→ Exercise aim:
Taking only the lines of the data below from the line with "Gulf Times Classifieds" to the line with "Measure from inside", ends included, write them out exactly and without pictures.

-- -- --

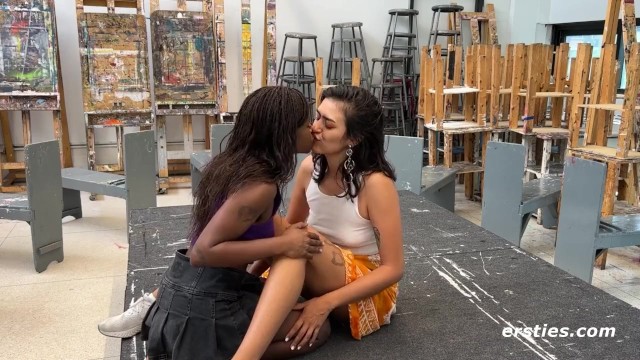 Ersties: Lesbian Exhibitionists Have Sexy Fun in a Classroom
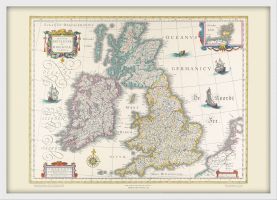 Small Vintage British Isles World Map Willem and Johan Blaeu 17th Century (Wood Frame - White)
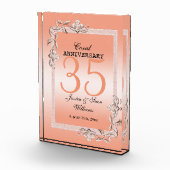 Koraal Gem en Glitter 35th Wedding Jubileum Fotoblokken (Rechts)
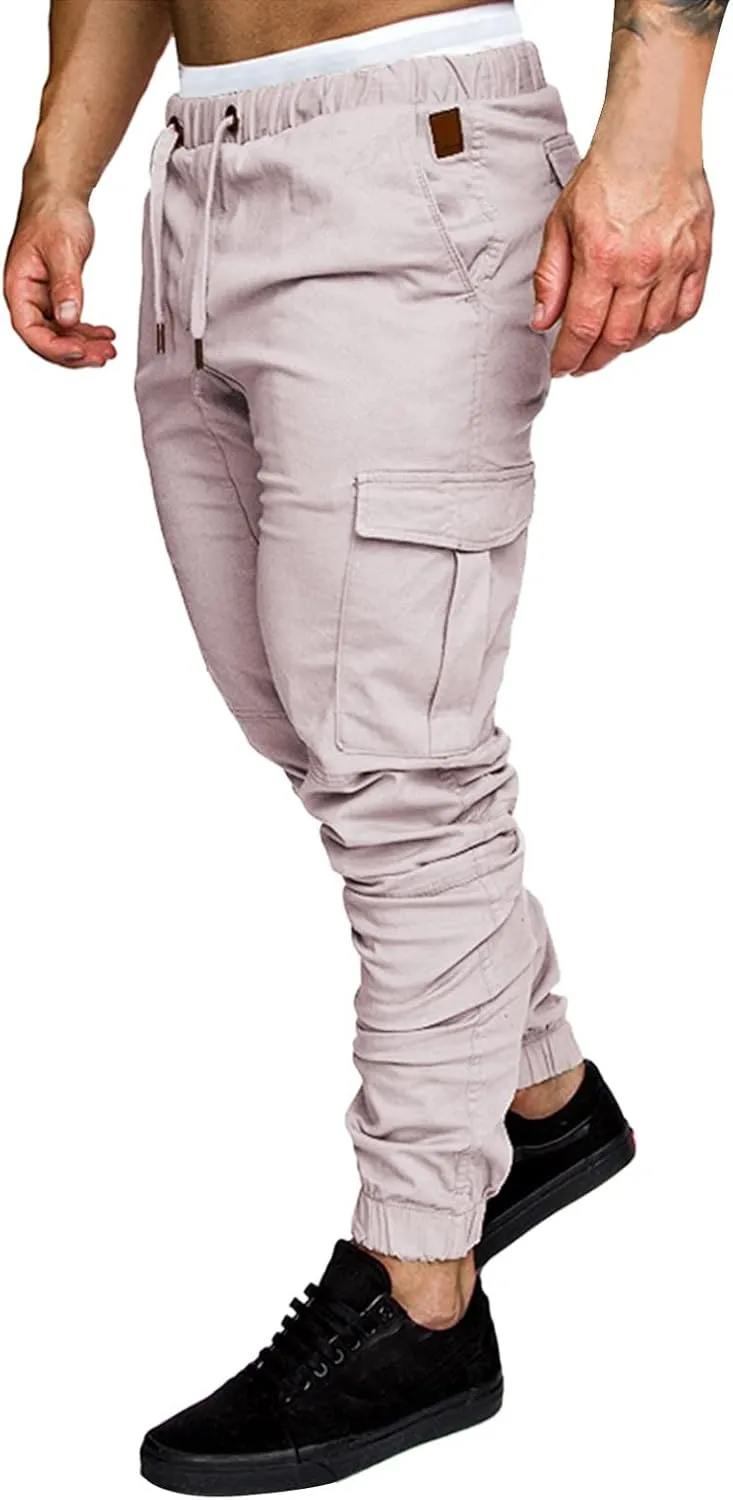 Cargo Pants for Men Relaxed Fit Cargo Pants Elastic Waist Drawstring Jogger Sweatpants Straight Multi Pockets Outdoor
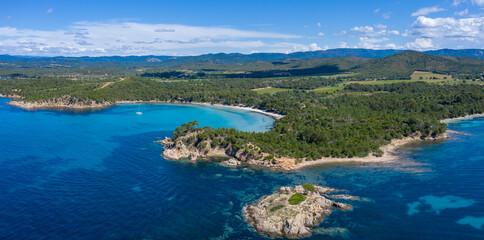 Fototapeta na wymiar France, Var department, Bormes les mimosas, Aerial view of Cap Leoube and Estagnole beach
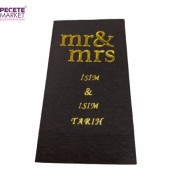 Kişiye Özel Siyah Üzeri Gold Yaldızlı Mr&Mrs Baskılı Peçete 50 Adet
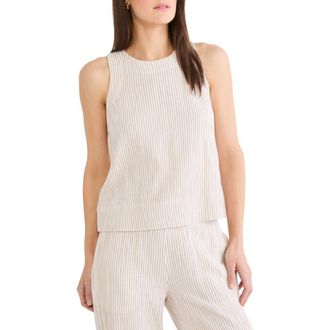 Nic+Zoe Pinstripe Cotton Blend Gauze Tank in Neutral Mix at Nordstrom, Size Xx-Large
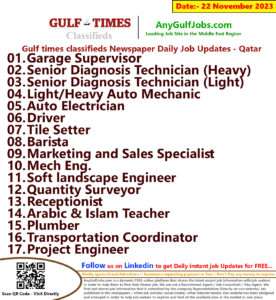 Gulf Times Classifieds Job Vacancies Qatar - 22 November 2023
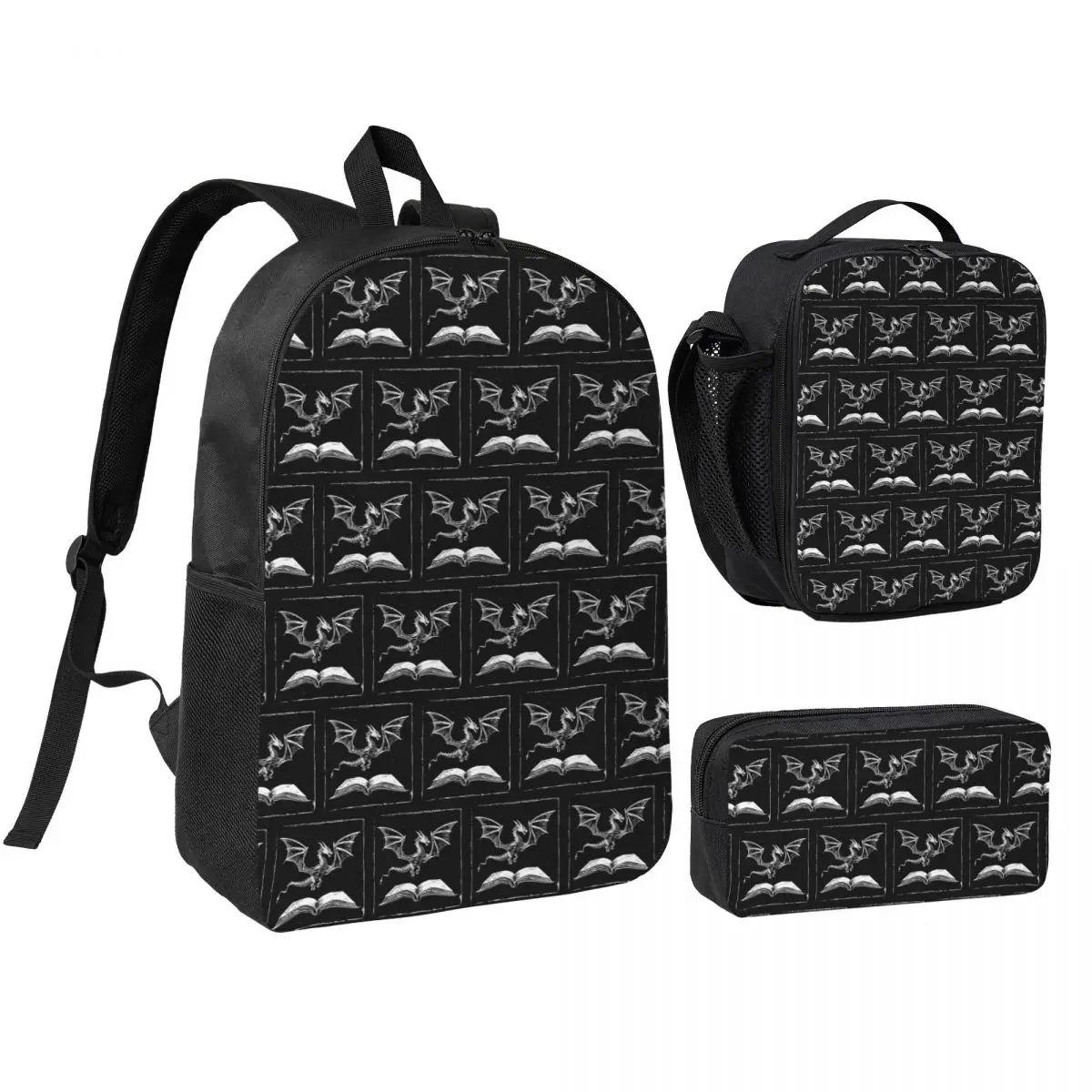 Read Fantasy Books Backpack Boys Girls BookBag School Bag Shoulder Bags 3ps Insulated Lunch Bag Pencil Case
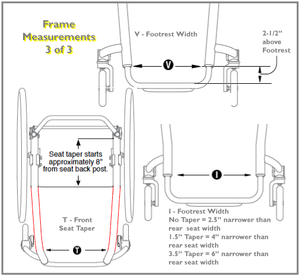 Measure from inside front frame tube to inside of opposite front frame tube 2.5" above footrest on the Aero Z Aluminium Wheelchair from TiLite.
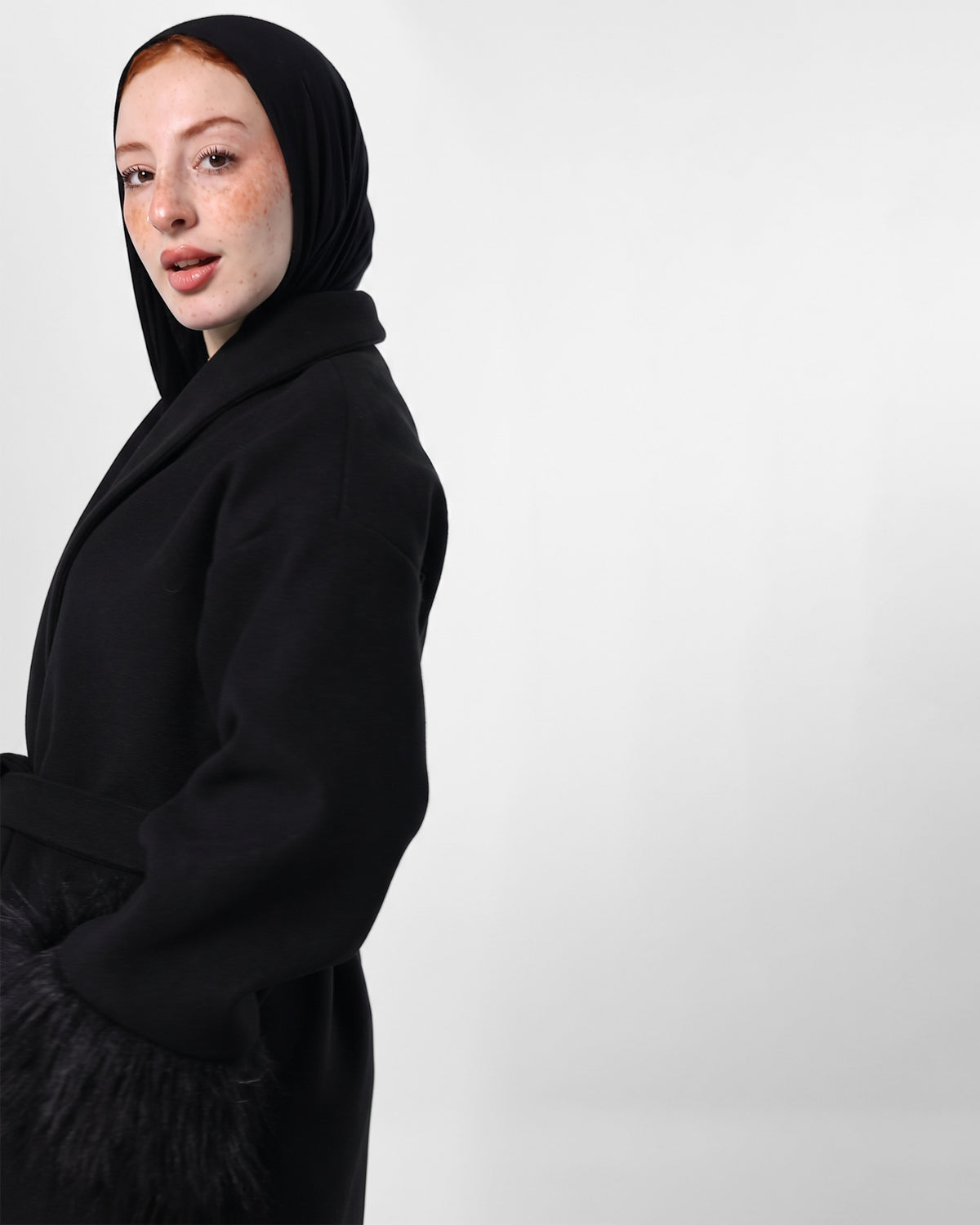 Belted Black Jacket with Fur Cuffs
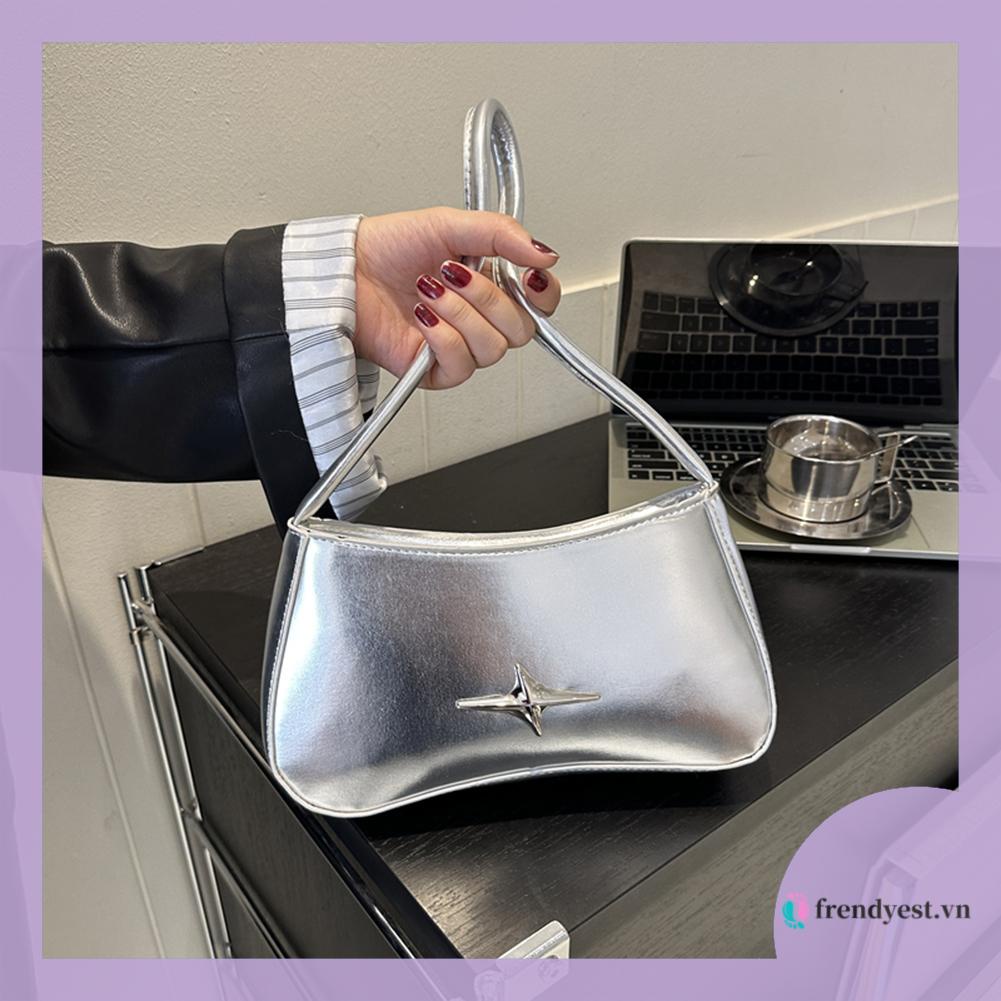 Túi Xách Đeo Vai Màu Trơn Dây Kéo Hình Ngôi Sao Dưới Cánh Tay Thời Trang Thường Ngày Cho Nữ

-- -- --

→ Answer below:
 Gulf Times Classifieds Job Vacancies Qatar - 22 November 2023
 Read Fantasy Books Backpack Boys Girls BookBag School Bag Shoulder Bags 3ps Insulated Lunch Bag Pencil Case
 Measure from inside front frame tube to inside of opposite front frame tube 2.5" above footrest on the Aero Z Aluminium Wheelchair from TiLite.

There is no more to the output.